Tujuan dari ESOP itu satu, agar buruh turut menikmati keuntungan dan perkembangan asset perusahaan dan juga kendali atas perusahaan. Aksiomanya jelas, apa yang tak kita miliki itu tak mungkin dapat kita kendalikan. 

 

Beyond ESOP 

Selain model ESOP, ada gerakan yang lebih radikal lagi yang dilakukan oleh para buruh. Mereka melakukanya dengan membangun koperasi pekerja (worker cooperative). Perusahaan koperasi yang didirikan dan dimiliki oleh pekerjanya dan setiap orang diberikan hak suara yang sama dalam pengambilan keputusan di perusahaan. One person, one vote!

Di India, dari 14 orang anak muda buruh lepas di Kerala yang diinspirasi oleh seorang spiritualis Guru Vagbhadananda (1885 -1939) dirikan koperasi buruh kontrak. Tujuan koperasinya untuk memudahkan para buruh kontrak mendapatkan pekerjaan secara kontinu

Desa Uralungal, satu desa yang awalnya tak dikenal itu kini menjadi terkenal ke seluruh India dan bahkan dunia karena keberadaan koperasi Uralungal Labour Contract Co-operative Society (ULCCS Ltd). Koperasi ini saat ini dimiliki oleh 13.000 lebih buruh kontrak di Kerala, India. 

Awal usaha ULCCS yang hanya kerjakan pembuatan pagar rumah, pasang tembok dan pengecatan, buat sumur untuk rumah tangga, kemudian meluas hingga bangun jalan raya, jembatan besar, fly over, gedung pemerintah maupun swasta. Akhir-akhir ini juga melakukan pemekaran layanan dalam bentuk bisnis konsultan pembangunan kawasan, bangun kawasan kota, bangun pusat kebudayaan dan kerajinan, dan bahkan dirikan kampus teknik milik sendiri untuk lahirkan insiyur handal. 

Koperasi ini menjadi begitu diminati oleh perusahaan swasta maupun pemerintah untuk bangun infrastruktur mereka karena komitmenya pada kualitas sangat tinggi. Selain itu, mereka tidak mengutamakan profit seperti perusahaan kontraktor komersial kapitalis. Mereka juga pernah mengambil alih proyek mangkrak perusahaan swasta kapitalis yang tertunda 15 tahun. 

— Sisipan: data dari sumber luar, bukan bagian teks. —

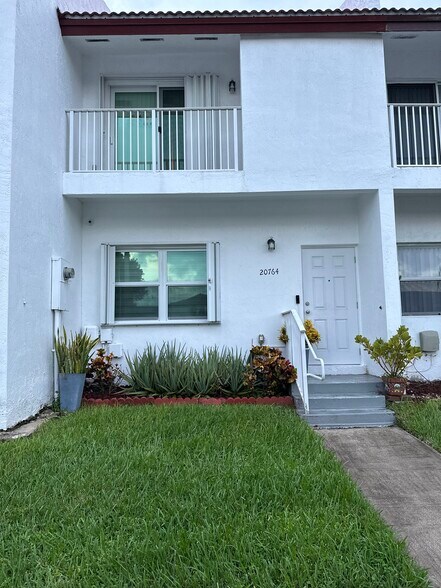 Building Photo - 20764 SW 82nd Ave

Contoh lain dari konsep kepemilikan perusahaan yang dimiliki dan dikelola oleh buruh adalah di negara bagian Basque, Spanyol. Dari 5 orang anak lulusan sekolah teknis (STM) yang bingung mencari kerja dan diinspirasi oleh seorang pastur dari Ordo Jesuit, Jose Maria Arizmendiarrietta Madariaga (1915 –1976), mereka dirikan perusahaan milik mereka sendiri dengan konsep koperasi. Namanya Koperasi Pekerja Mondragon Worker Cooperative. 

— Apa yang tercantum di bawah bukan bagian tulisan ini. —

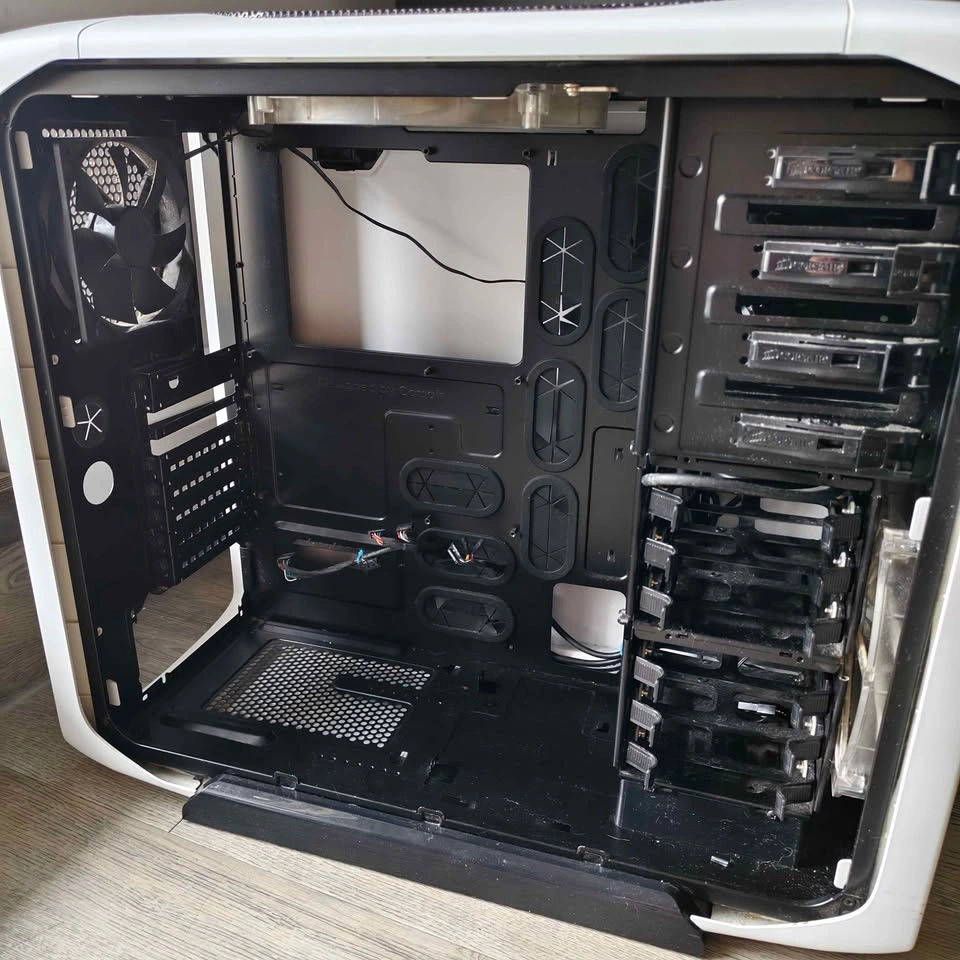 Corsair 600T Special Edition White Mid Tower PC Case - photo 5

Koperasi ini dimulai dengan membuat alat pemanas ruangan. Lalu meluas ke industri baja dan saat ini dimiliki dan dikelola secara demokratis oleh kurang lebih 80.000 pekerja. Bahkan telah meluas kuasai jaringan sektor ritel dengan nama Erosky dan lembaga pendidikan Mondragon University. 

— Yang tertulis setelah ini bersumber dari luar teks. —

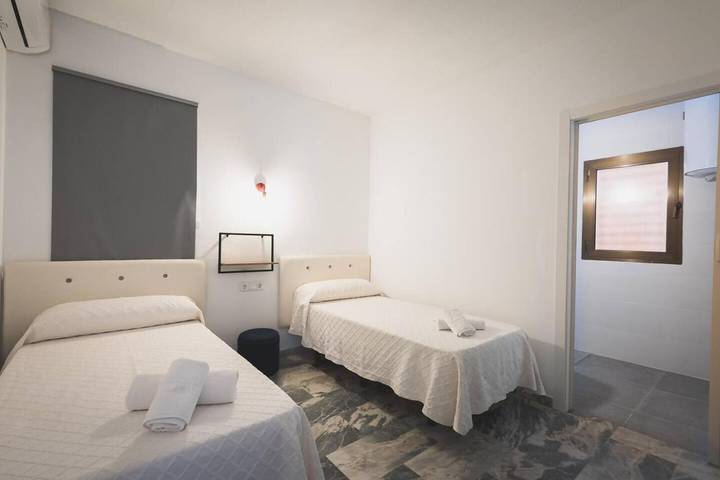 Hotel para 2 personas en Tierra de Mérida - Vegas Bajas - 2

Koperasi ULCCS maupun Koperasi Mondragon ini dikelola secara demokratis dengan hak suara setiap orang sama dalam mengambil keputusan. Buruh-buruh itu secara rutin selenggarakan rapat anggota dan memilih direksi (pengurus) yang berasal dari buruh. Manajemenya yang diangkat oleh Pengurus bekerja profesional untuk koperasi dan selalu susun program kerja dan perencanaan strategis secara rutin. Seluruh keuntunganya yang dihasilkan juga dibagi secara adil dengan berdasarkan besaran kontribusi mereka. 

 

Refleksi untuk Indonesia 

Indonesia secara konstitusional sesungguhnya menurut pasal 33 menganut sistem demokrasi ekonomi. Artinya sistem ekonomi yang diterapkan itu seharusnya libatkan partisipasi rakyat atau orang banyak dalam kepemilikan perusahaan seperti praktik ESOP atau Koperasi Pekerja di atas. Namun sayang, pasal di Konstitusi itu ternyata hanya jadi pepesan kosong semata.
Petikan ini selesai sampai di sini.